Division in the finite field $\operatorname{GF}\left(2^{m}\right)$ is the most important building block in ECC(Error Correction Coding) systems such as BCH (Bose-ChaudhuriHocquenghem) and RS(Reed-Solomon) codes, since these block codings are based on long polynomial divisions[1]. The conventional Euclidean division architecture in finite field uses LFSR(Linear Feedback Shift Register). However, as the high-speed requirement for real-time audio/video coding as well as the low-power requirement for portable applications increase, this serial architecture has shown several limitations as follows. 1)The throughput is limited by the degree of the dividend polynomial. 2)The presence of a global feedback signal imposes severe constraints on the switching speed and necessitates the use of a global clock[2]. 3)This feedback signal limits the degree of parallelism that can be exploited for low-power consumption[3]. 4)The fact that the complete LFSR and serial buffer registers should be clocked for every clock cycle without concerning the change of contents, can not avoid useless power consumption[4]. Therefore, for high-speed/low-power ECC applications, a new division architecture which does not suffer from limitations mentioned above is necessitated.

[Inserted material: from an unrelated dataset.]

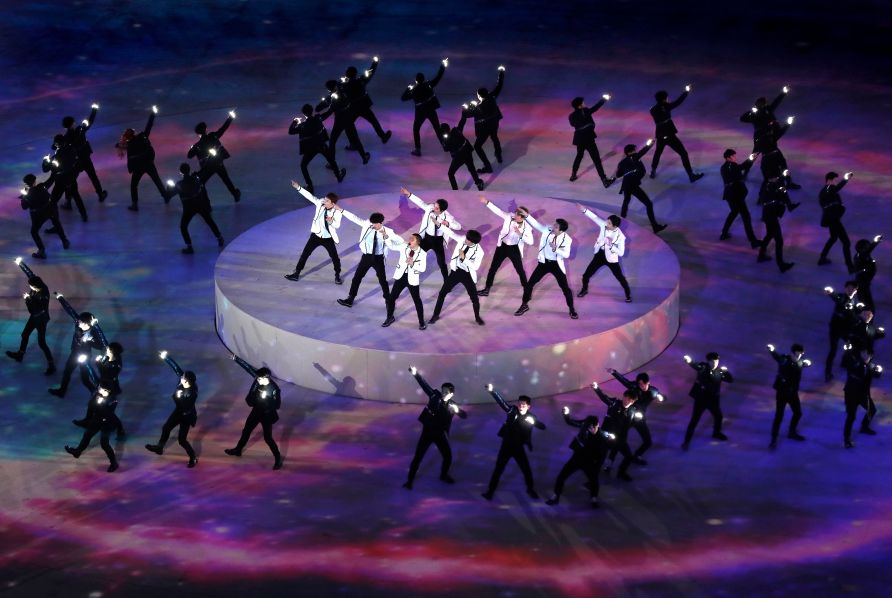 pcy301namjaaa's tweet photo. Exo was named the #NationPick two years ago for this historical, legendary performance. Time fliews so fast!!
@weareoneEXO @Olympics https://t.co/nd0WbkLhrQ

## II. New Division Algorithm based on LAPR

While the conventional division algorithm does symbol or bit basis serial processing, our division algorithm processes on group basis parallel processing. It starts from the definition of $P(x)$ as the long arbitrary dividend polynomial of degree $n$ and $M(x)$ as the fixed divisor polynomial of degree $k$, i.e., $P(x)=\sum_{i=0}^{n} p_{i} x^{i}$ and $M(x)=\sum_{i=0}^{k} m_{i} x^{i}$. If we define $q$ as the maximum number that satisfies $n \geq q(k+1)+k$ then the elements in the dividend polynomial can be grouped into $q+2$ orthogonal groups as follows : $P(x)=\sum_{i=0}^{q} P_{i}(x) x^{i(k+1)}+P_{-1}(x)$. All of the groups $P_{j}(x)$ for $q \geq j \geq 0$ has the same format as $S(x)$ defined as $S(x)=\left(\sum_{i=0}^{k} s_{i} x^{i}\right) x^{k}$.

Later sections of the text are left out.